There is actually an extension to the CAP theorem, called the PACELC
theorem, captured in a separate article
is there a general tradeoff between consistency and availability?
So, once we’ve learned about the CAP theorem, we might hope that in addition to the specific rule (if you’re linearizable, you can’t be available), there might also be some more general tradeoff (if you’re a little bit more consistent, then you get a little bit less available).
This feels like a totally reasonable thing to hope. The CAP theorem does not actually say anything about this hope, but maybe it’s true anyway!
What happens when your network gets slow?
My favourite thing about this critique of the CAP theorem is it PROPOSES A USEFUL ALTERNATIVE THEOREM. (the “How operation latency depends on network delay” section of the paper)
Let’s suppose your network gets SLOW. (Kleppmann defines this a little more formally but I’m gonna go with SLOW)
Well!! If you’re using a linearizable system, it means that your reads are slow, and your writes are slow. That sucks!
What if you trade-off and have a system which is a little less consistent? It turns out that if you want “sequential consistency”, you can have slow writes, but fast reads! That sounds a little like our replicated database situation, maybe! (you could imagine that writing to the primary could get slow).
Here is a table from the paper where he tabulates different consistency levels and how fast of reads/writes you can get under adverse network conditions.
In particular, this means that if your network is totally down, then writing in a linearizable system takes an infinite amount of time (so writing is actually impossible).
why this is awesome
I think this different framing (where we talk about availability in terms of network latency & speed of operations) is really cool, because:
- it actually relates better to my real life (sometimes my network is not totally down, but communication is SLOW! I would love my distributed systems theory to explain what will happen!)

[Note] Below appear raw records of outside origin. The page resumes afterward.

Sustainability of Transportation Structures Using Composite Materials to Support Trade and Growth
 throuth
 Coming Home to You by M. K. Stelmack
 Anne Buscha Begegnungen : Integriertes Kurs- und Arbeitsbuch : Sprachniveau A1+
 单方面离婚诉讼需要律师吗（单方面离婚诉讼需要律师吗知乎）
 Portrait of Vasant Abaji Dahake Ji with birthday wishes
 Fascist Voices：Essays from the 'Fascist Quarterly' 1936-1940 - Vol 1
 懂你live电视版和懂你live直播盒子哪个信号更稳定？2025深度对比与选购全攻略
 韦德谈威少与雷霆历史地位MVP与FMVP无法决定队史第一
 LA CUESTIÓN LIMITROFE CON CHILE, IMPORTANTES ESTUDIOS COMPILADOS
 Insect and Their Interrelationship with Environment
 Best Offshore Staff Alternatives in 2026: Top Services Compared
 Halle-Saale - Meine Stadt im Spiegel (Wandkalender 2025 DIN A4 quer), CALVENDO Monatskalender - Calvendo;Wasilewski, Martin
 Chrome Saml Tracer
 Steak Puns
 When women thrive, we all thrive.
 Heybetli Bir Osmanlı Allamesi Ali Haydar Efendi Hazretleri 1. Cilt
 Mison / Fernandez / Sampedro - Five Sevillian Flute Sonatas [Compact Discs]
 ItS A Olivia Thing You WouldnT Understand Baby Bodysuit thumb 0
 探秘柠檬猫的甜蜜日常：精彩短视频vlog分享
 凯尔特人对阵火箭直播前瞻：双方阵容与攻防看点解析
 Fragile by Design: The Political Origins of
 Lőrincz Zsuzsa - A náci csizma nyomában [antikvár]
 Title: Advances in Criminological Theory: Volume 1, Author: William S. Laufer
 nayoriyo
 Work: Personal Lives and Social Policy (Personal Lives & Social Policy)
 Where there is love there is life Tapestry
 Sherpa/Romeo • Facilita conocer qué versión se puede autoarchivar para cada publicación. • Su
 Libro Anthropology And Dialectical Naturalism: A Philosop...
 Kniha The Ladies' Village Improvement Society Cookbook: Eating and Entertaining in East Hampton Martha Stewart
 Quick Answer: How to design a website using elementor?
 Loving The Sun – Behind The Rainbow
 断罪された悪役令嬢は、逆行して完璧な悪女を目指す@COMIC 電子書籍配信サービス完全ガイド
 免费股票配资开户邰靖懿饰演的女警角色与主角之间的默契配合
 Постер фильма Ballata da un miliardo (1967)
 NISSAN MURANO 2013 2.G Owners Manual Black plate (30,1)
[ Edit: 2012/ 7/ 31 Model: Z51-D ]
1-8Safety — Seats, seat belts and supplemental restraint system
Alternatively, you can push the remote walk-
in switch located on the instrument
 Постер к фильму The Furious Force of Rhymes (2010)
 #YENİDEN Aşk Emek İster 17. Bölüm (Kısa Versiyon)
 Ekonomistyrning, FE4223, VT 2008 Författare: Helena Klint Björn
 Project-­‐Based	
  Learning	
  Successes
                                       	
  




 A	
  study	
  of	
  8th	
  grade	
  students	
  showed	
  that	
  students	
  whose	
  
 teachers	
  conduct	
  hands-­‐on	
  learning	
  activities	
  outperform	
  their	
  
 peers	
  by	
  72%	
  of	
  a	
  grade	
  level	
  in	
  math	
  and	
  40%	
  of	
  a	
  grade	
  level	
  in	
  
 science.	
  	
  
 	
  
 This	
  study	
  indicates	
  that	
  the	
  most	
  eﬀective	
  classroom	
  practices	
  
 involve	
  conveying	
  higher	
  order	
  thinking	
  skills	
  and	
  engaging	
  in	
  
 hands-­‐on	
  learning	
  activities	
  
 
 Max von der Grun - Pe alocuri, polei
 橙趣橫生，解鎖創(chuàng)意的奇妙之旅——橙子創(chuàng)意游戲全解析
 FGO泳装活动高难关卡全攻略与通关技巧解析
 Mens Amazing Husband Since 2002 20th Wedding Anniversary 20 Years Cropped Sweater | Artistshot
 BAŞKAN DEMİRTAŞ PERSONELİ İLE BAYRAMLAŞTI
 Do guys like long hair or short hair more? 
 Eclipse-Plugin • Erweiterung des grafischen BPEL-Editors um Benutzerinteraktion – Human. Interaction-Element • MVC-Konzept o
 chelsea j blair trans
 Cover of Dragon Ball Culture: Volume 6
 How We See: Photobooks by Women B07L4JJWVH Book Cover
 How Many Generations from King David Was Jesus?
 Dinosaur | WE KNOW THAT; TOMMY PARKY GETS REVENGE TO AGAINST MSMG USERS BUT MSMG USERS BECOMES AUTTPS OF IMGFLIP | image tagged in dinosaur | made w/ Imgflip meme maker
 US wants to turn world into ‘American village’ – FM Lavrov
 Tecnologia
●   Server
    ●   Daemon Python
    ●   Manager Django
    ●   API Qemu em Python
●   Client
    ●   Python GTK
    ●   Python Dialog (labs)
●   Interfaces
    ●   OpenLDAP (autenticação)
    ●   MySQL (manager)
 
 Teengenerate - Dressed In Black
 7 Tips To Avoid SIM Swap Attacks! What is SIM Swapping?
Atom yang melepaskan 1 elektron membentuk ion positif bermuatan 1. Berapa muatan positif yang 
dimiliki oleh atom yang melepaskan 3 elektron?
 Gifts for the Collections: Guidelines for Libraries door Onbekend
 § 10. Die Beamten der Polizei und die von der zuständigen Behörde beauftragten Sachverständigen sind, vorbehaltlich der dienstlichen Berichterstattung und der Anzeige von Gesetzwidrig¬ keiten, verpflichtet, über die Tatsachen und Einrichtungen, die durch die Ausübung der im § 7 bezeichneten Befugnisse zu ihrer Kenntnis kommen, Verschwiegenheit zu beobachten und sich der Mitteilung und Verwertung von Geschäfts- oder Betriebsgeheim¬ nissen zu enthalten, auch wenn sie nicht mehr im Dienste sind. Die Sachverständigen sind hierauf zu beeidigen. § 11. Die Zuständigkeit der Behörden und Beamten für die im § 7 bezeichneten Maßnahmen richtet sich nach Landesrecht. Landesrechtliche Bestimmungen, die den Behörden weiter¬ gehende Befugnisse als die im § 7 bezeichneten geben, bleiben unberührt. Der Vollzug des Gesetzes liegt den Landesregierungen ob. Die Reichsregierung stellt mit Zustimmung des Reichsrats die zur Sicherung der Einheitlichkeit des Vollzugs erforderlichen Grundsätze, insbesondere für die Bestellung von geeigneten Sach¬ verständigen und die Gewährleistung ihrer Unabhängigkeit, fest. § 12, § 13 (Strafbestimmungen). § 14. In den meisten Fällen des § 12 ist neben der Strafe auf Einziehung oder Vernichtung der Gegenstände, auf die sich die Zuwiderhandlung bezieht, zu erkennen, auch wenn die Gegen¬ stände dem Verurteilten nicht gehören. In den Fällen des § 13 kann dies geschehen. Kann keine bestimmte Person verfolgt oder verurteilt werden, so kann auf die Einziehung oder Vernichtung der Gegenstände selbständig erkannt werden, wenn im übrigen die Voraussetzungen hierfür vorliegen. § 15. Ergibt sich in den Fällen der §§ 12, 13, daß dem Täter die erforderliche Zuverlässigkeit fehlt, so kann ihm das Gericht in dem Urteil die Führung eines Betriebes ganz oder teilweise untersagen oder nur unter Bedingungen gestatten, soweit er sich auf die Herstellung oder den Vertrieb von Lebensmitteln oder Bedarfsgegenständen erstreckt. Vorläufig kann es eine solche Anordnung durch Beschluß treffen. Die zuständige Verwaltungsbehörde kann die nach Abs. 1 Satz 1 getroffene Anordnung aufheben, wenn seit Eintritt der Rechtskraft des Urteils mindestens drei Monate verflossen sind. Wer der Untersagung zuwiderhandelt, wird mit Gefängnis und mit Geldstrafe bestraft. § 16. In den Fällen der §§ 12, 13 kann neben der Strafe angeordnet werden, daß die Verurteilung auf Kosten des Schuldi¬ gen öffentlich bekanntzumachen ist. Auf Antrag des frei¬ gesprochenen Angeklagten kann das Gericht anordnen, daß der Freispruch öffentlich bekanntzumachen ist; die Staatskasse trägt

- it lets me describe more systems! I feel almost motivated to learn what “sequential consistency” and “causal consistency” even mean now to see if any of the systems I actually use match that definition.
The last kind of silly reason I think this is awesome is — I spent a really long time feeling bad that I didn’t understand the CAP theorem or know how to apply it. It turns out that the CAP theorem is actually a relatively small theorem which is only useful in a limited number of cases! So it was less that I didn’t understand it and more that it’s actually just not thaaaaaaat useful. Now I don’t feel as bad! And I have some slightly better tools for thinking about distributed systems! Yay.